# The Art Of Handing Out Free Stickers



## CannibalSam (Oct 20, 2011)

So over the past month or so, I've been mailing out free stickers to anyone who simply asked me for some. Let's just say I managed to mail out a ton of envelopes. Anyways, coming up in the next month and later this summer I plan on attending a couple concerts and music festivals, not as a vendor, but as a regular-joe who plans on handing out free stickers and notifying everyone at the show about my brand. Is there a "Right and Wrong" way of doing this? Is it possible to get in trouble with staff members if I am to do this?


----------



## idonaldson (Sep 29, 2008)

Only if the event has no soliciting. Whether looking for immediate return or some future consideration you are handing out something for a future return - that is soliciting. Check the rules for the event and be guided by that.
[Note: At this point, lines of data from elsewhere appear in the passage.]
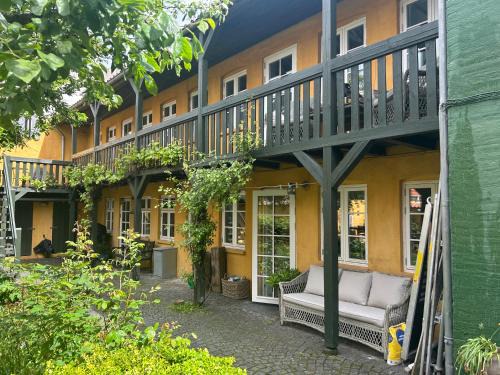 Aalborg Apartment | Vidunderligt hus med gårdhave - midt i centrum Brettevillesgade 16 A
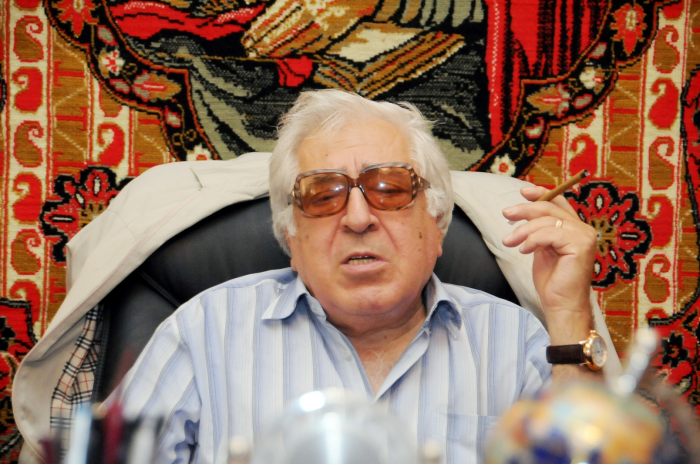 Anar Yazıçılar Birliyinin yenidən sədri oldu Anar Yazıçılar Birliyinin yenidən sədri oldu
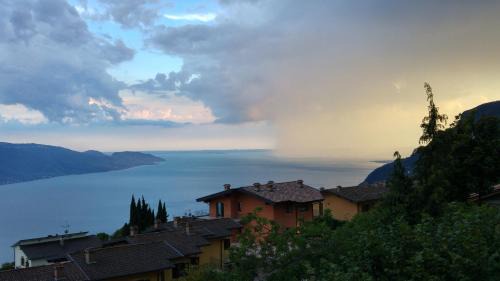 Gardola Apartment | Villa Dina
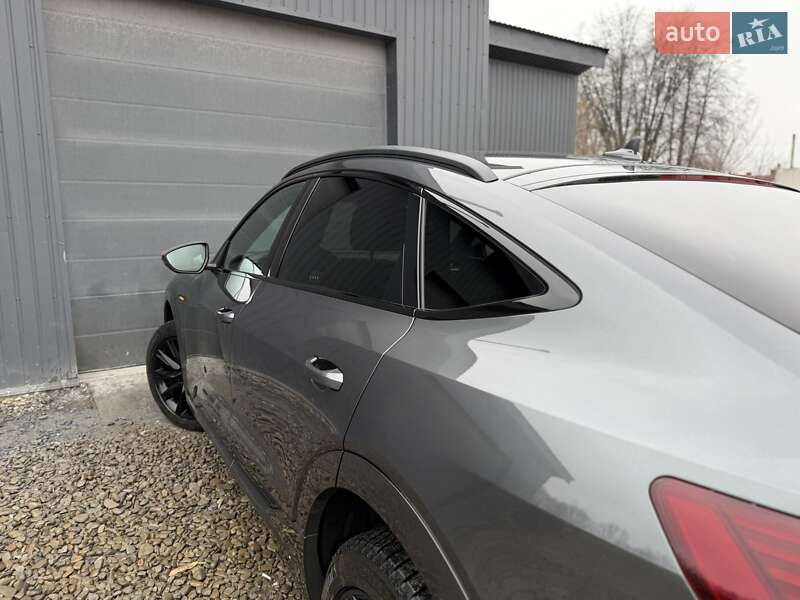 Позашляховик / Кросовер Audi e-tron 2021 в Трускавці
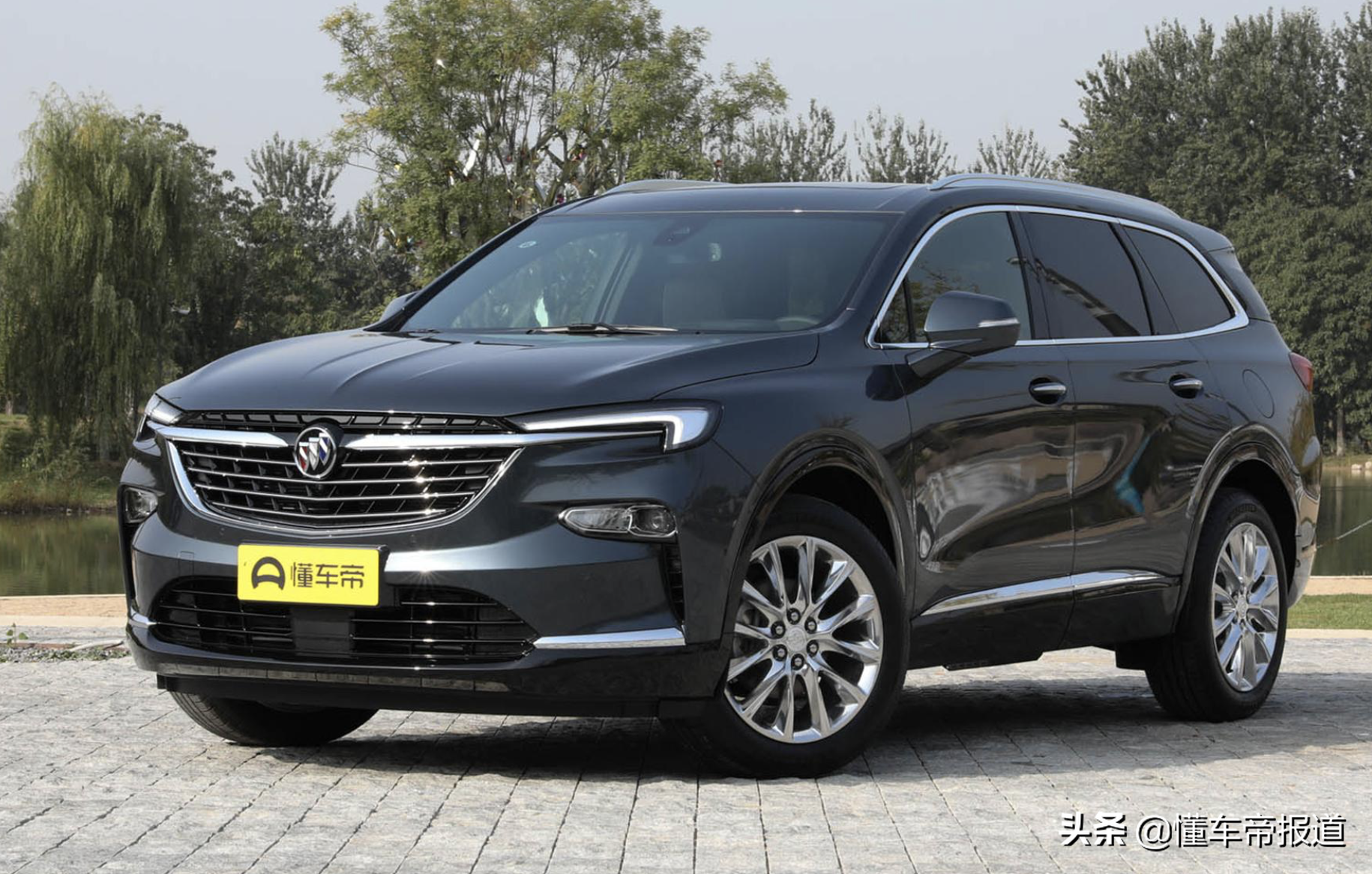 试驾 | 优点不止大尺寸，V6动力底气更足！试驾一汽-大众揽境530TSI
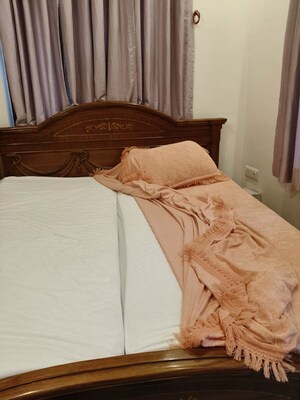 Bedroom in 3 BHK Builder Floor at DLF City Gurgaon, Sector 27 – for Rent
Of couse you can stand outside and pass out anything you want as long as you are in a legal area/


----------



## ryan barker (Jul 21, 2011)

i quit going to concerts because of the cost and political correctness taking the fun out of it. so, it's been a minute, but if my past experiences are any indication, i would think you'd be okay if you handed them out in the parking lot and don't act as a sideshow carnival act barker. keep it low key and you'd probably be okay. it's not as if you're selling bootleg concert tees out of your trunk.

were i in the position to say no to a request like that, i probably would and be completely justified in doing so. without having any knowledge of the rules, i would imagine that soliticing in any way, shape or form is prohibited unless the venue is profiting from it and you have the appropriate license, which may be basically a temporary license for an event or a transient license. that's just my guess.


----------



## CannibalSam (Oct 20, 2011)

I'll look into the venues and see if I can find anymore on this. I've gone to shows in the past at the exact same venues, and have seen people giving out freebies on the sidewalk and in the parking lot. So yeah, thanks for your advice!


----------



## ryan barker (Jul 21, 2011)

join the pixel propaganda apparel army... we have cookies
enlist in the PPAA now and receive free enlightenment
i got yer PPA right here!
proud member of the PPA
this isn't your grandpa's PPA

man, i need some sleep....


----------



## CannibalSam (Oct 20, 2011)

ryan barker said:


> join the pixel propaganda apparel army... we have cookies
> enlist in the PPAA now and receive free enlightenment
> i got yer PPA right here!
> proud member of the PPA
> ...


this is probably the best thing I've read all morning.


----------